Markoff: Yeah, it's kind of interesting where ... you know, why did it go into remission? That's kind of interesting because there was Tiny BASIC around and it had a community of people supporting it. It was totally the open source model and I guess there was no ... I should ask Dennis Allison (creator of Tiny BASIC) about that. I don't have a clear sense of why the Tiny BASIC community died out in the face of Microsoft BASIC. But it's an interesting question. Maybe if the Tiny BASIC people had continued, kind of Stallman-like, to compete against Microsoft the world would have been very different. But that's not what happened. Maybe it's that Gates was successful in bundling and that BASIC came with all the machines.
Koman: This idea of activism and improving the world with technology which is a very sort of '60s idea ... so we have the 1984 ad, we have Think Different.
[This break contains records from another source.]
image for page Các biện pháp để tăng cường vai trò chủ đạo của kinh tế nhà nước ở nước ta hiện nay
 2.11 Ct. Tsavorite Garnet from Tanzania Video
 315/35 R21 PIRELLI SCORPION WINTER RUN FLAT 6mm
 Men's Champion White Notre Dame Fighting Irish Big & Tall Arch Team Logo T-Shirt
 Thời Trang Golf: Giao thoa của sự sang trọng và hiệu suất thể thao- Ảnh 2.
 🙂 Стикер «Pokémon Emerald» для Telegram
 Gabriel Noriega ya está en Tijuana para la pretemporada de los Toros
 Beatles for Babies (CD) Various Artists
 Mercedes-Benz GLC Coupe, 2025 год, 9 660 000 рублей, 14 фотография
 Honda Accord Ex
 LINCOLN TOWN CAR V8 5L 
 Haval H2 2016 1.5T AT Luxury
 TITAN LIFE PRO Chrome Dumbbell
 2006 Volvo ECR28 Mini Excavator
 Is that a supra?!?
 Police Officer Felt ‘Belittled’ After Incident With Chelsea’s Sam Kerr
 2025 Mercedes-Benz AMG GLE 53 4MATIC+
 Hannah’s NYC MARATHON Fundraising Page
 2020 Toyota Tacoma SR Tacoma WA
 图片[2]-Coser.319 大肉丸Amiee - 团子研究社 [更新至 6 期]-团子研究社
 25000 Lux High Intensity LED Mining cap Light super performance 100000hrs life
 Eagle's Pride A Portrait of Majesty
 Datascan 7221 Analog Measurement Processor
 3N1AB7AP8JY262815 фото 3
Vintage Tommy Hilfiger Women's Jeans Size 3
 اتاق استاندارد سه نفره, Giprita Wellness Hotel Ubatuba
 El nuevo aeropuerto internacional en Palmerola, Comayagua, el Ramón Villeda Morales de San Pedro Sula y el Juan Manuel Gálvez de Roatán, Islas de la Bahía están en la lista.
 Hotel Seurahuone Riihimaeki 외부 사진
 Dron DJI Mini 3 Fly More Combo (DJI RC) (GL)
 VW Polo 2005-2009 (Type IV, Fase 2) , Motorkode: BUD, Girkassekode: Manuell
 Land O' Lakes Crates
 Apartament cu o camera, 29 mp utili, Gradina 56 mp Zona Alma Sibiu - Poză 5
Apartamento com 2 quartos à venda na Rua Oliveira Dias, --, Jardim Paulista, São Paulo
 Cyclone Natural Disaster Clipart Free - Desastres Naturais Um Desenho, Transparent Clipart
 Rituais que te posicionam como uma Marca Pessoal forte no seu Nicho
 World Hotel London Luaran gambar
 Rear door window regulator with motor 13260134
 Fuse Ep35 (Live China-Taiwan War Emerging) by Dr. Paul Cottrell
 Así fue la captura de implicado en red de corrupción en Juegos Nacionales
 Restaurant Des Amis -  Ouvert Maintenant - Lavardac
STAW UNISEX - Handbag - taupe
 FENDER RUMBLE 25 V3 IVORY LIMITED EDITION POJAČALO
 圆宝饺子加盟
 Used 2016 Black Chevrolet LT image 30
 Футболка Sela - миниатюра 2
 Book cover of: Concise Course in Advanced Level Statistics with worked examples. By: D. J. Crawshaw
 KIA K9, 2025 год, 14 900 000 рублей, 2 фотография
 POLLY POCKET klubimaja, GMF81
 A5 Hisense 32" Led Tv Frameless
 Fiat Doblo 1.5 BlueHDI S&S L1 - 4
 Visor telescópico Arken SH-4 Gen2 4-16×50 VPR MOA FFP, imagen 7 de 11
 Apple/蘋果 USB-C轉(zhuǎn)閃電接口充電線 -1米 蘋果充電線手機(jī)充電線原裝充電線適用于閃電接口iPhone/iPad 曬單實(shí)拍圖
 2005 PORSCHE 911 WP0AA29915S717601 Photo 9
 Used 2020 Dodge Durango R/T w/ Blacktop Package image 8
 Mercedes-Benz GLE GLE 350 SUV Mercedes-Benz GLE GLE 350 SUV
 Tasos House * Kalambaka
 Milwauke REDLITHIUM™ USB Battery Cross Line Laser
To what degree do these billion-dollar companies continue to tap into the legend of personal computing as a radical act?
Markoff: Yeah, just yesterday I interviewed Steve Jobs and I was asking him what they were going to do with podcasts and if they were going to charge for podcasts and Steve was very adamant on the fact that Apple was going to do it differently, that they were creating ecosystems and they were going to take their slice on the hardware, selling iPods, and that they were not going to try to take a slice of revenue from the content. He said, "We think different."
Jobs in particular is very attached to the counterculture. If you read his Stanford commencement speech--the whole bottom third of it is about the impact the Whole Earth Catalog had on him. He still takes these things pretty seriously, very seriously in fact.
And you know, Apple's done a fair amount to support open source development. They put some of their key technologies in the open source community. Clearly it's to their advantage. There's this virtuous circle that companies like Apple and IBM and Sun are trying to tap into. And you're right, it's the legacy of the '60s, which has otherwise vanished from the face of the earth.
But you do have this sharing economy that has emerged largely because of the internet; the existence of the network makes it so easy to share digital information. And now you're getting these architectures that really enhance cooperation.
You're seeing things like My Web 2.0 and every other example of user-generated content structures that I think ... that sphere is expanding very rapidly and it will have more and more influence and compete directly with the proprietary sphere.